◆ PROBLEM DETAILS ◆
A copy of the listing below is needed, exact in every line and without images.

◆ DATASET SECTION ◆
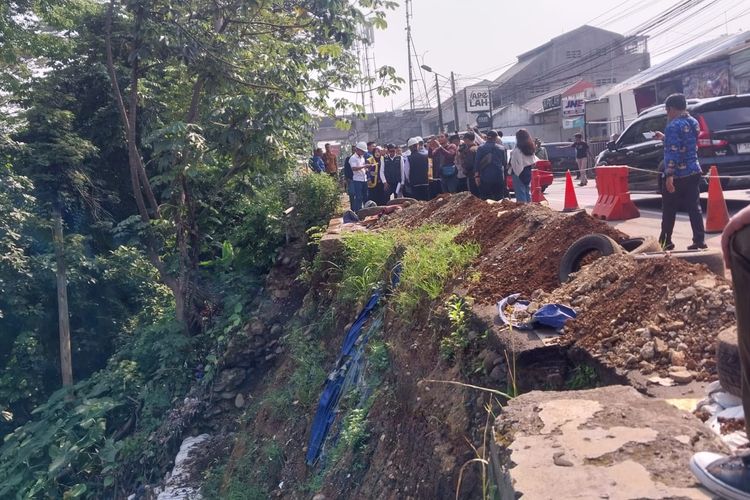 Telan Anggaran Rp 5,4 Miliar, Perbaikan Jalan Longsor di Kebon Pedes Bogor Mulai Dikerjakan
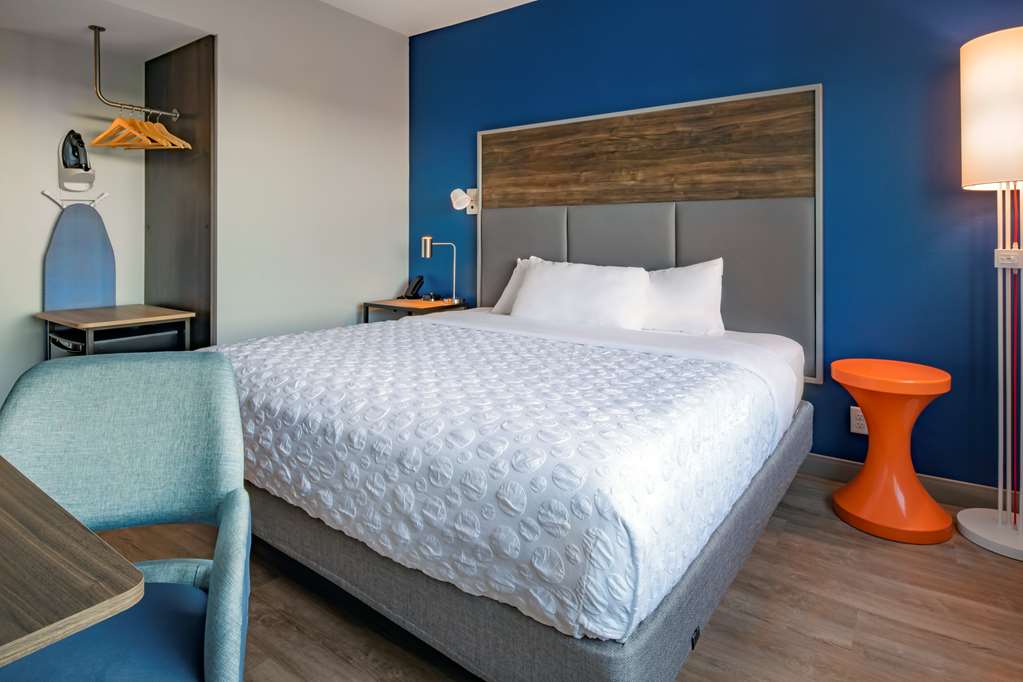 Tru by Hilton Omaha I-80 at 72nd Street Image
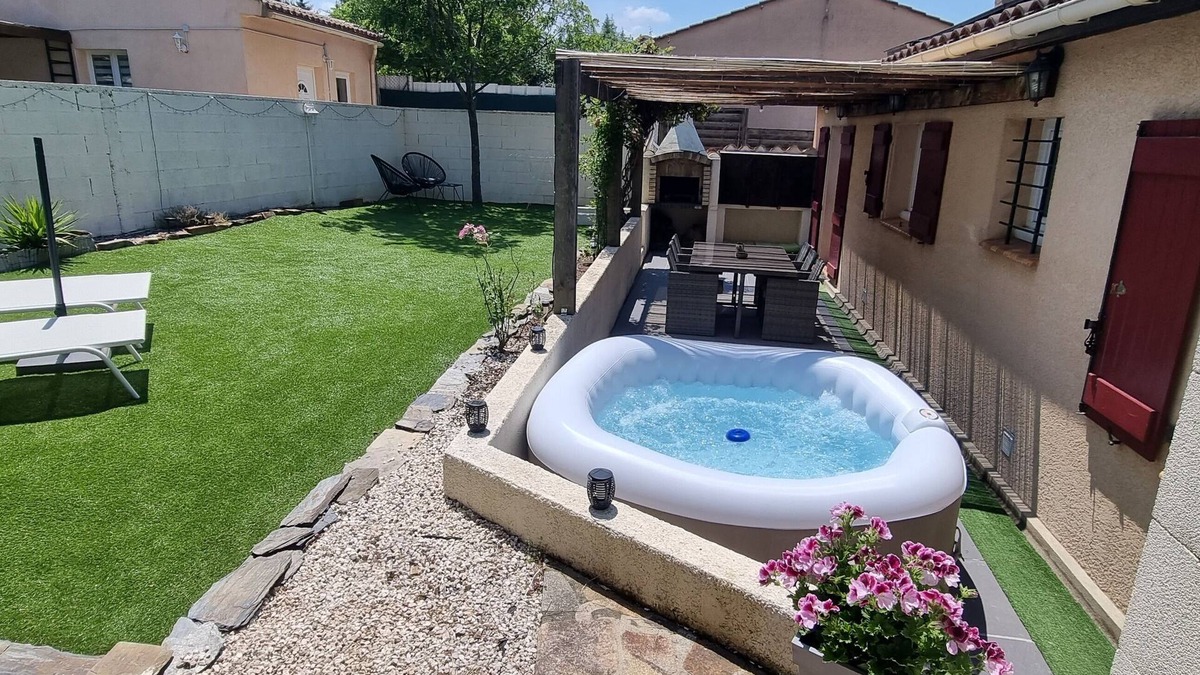 Conques-sur-Orbiel House | House with Jacuzzi near Carcassonne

◆ RESPONSE TO THE EXERCISE ◆
 Telan Anggaran Rp 5,4 Miliar, Perbaikan Jalan Longsor di Kebon Pedes Bogor Mulai Dikerjakan
 Tru by Hilton Omaha I-80 at 72nd Street Image
 Conques-sur-Orbiel House | House with Jacuzzi near Carcassonne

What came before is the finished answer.